_About this task:_ Skip every image and restate the data word for word.

_Supplied material:_
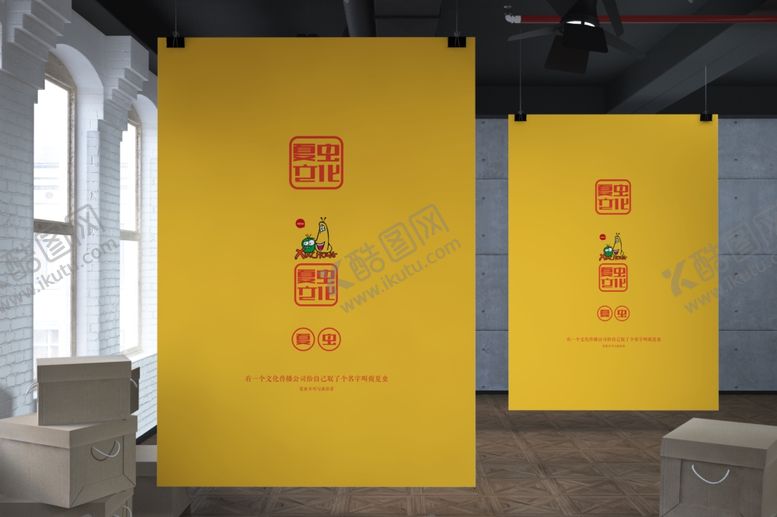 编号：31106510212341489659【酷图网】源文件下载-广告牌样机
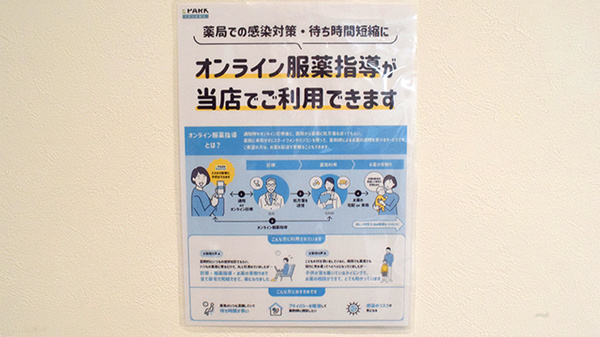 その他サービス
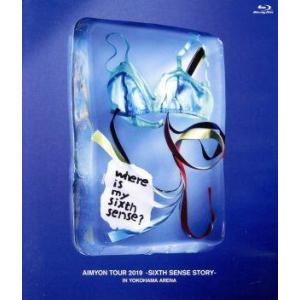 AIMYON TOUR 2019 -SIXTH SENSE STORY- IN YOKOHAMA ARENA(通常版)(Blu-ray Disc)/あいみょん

_Answer to this problem:_
 编号：31106510212341489659【酷图网】源文件下载-广告牌样机
 その他サービス
 AIMYON TOUR 2019 -SIXTH SENSE STORY- IN YOKOHAMA ARENA(通常版)(Blu-ray Disc)/あいみょん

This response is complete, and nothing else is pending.